Dataset extract:

-----

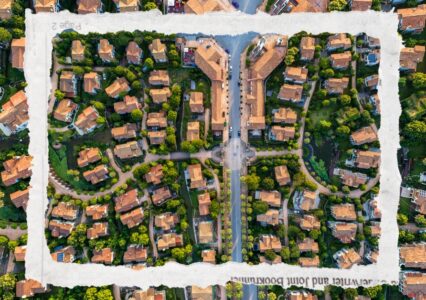 Double-Digit U.S. Home Price Growth Streak Skids To An End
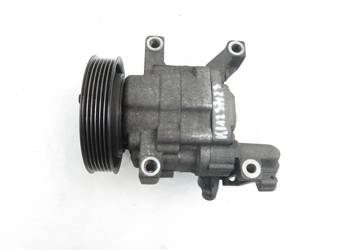 KOMPRESOR KLIMATYZACJI PEUGEOT 107 1.4 HDi 883100H020F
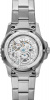 Fossil FB-01 ME3190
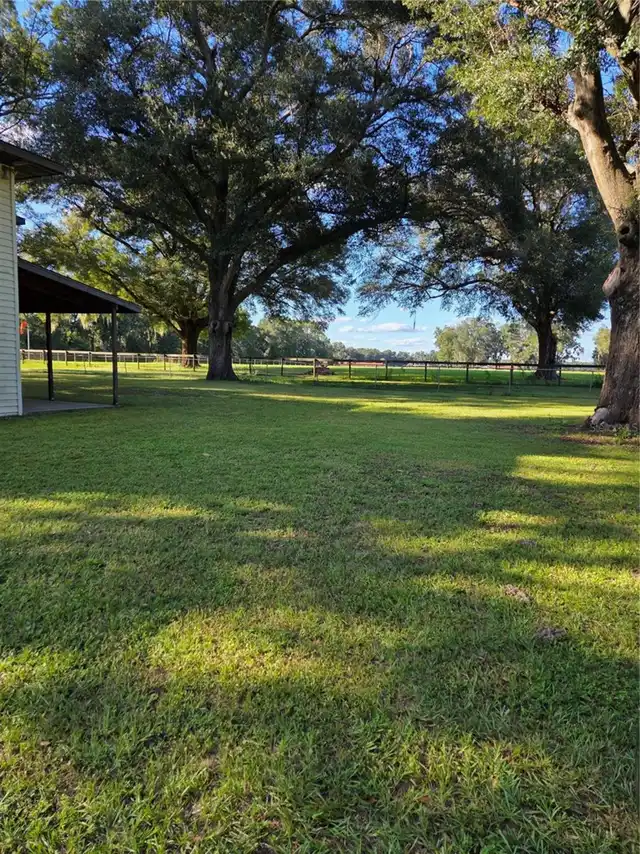 Listing Photo 17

-----

What is expected:
Extract the run of lines from the line holding "KOMPRESOR KLIMATYZACJI PEUGEOT" through the final line of the material above, exactly and inclusively. Leave the pictures behind.

Response area:
 KOMPRESOR KLIMATYZACJI PEUGEOT 107 1.4 HDi 883100H020F
 Fossil FB-01 ME3190
 Listing Photo 17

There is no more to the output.